My dear Nameless,
Hormones are messing me up. I feel fragile and constantly on the verge of tears. I want cake, comfort, food, and hugs – which I am afraid to go to any of my friends for because while they may be elderly, understanding, and ‘just a little portly’ (excellent for teddy bear hugs by the way) –they are also male! Not only male but Madalas.
Who are they?
They are a bunch of friends who have all become my friends. I keep them young with youthful banter and a fresh take on life, while they age me with cynicism and make me financially wiser. Seems like a fair trade-off. No?
The first one I met of the lot is an introverted, closet intellectual slash philosopher and art lover guised as a reckless “fuck about” (not my words) who still hasn’t figured out his life at the grand old age of 43. But that’s all a ruse. The truth is far worse. This guy is the consummate bachelor, an absolute connoisseur of life if you can think it- looks no older than 35 and has a “devil may care’ attitude that makes him wildly irresistible. Point to note: the Mandalas are all 43 years old, and were classmates at some point or another – with the exclusion of the older brothers who are occasionally part of the gang for birthdays and such events when they must all convene at Marlin Restaurant.

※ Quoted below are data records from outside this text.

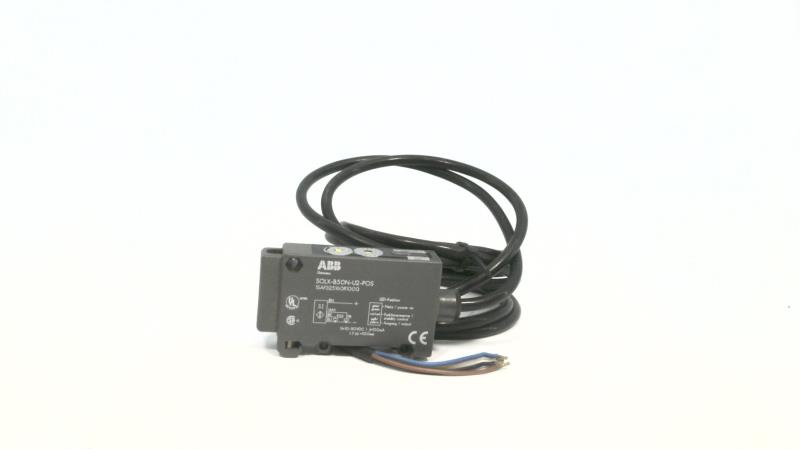 ASEA BROWN BOVERI SOLXB50NU2POS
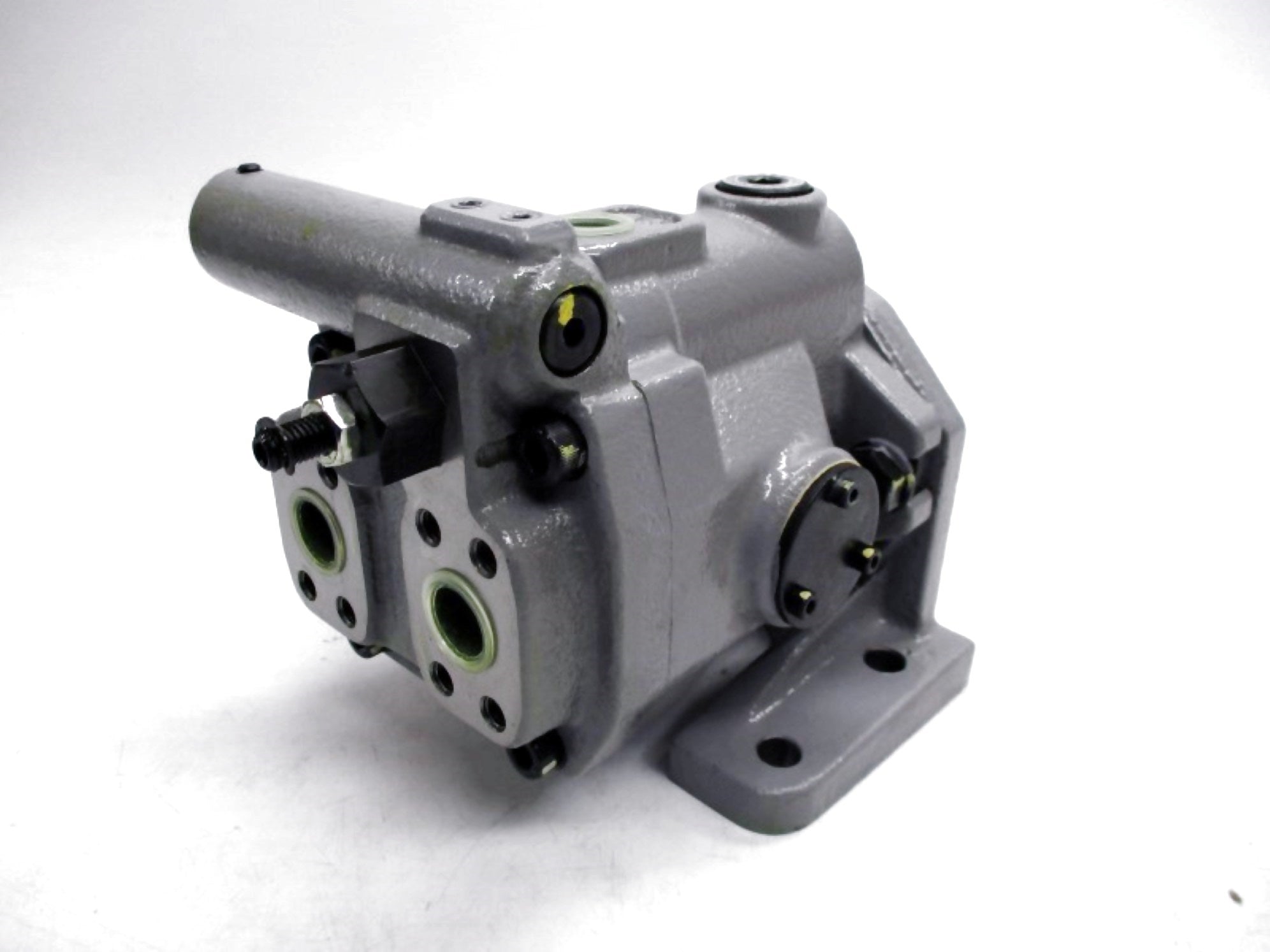 TOYOOKI KOGYO HPP-VB2V-L8A3-EE NSNP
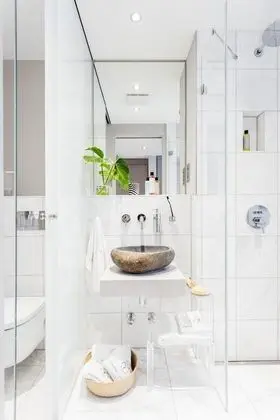 Studio Apartment Junior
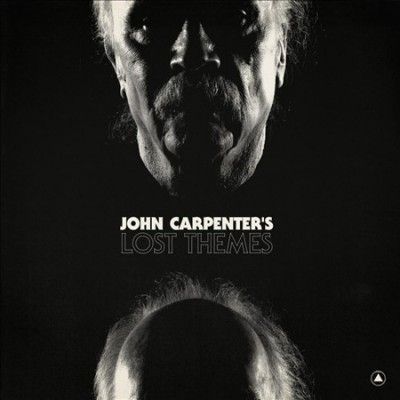 John Carpenter - Lost Themes (Vinyl)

Where else would you find old money?
Anyway, these are my friends. People whose regrets and triumphs serve as beacons of light along the path that is my life.
It doesn’t make sense to a lot of people. But I love these guys to bits. Albeit at a very necessary arm’s length.
An old man; an ‘old one’. Frequently as a term of somewhat affectionate or respectful address, especially to an elderly black man.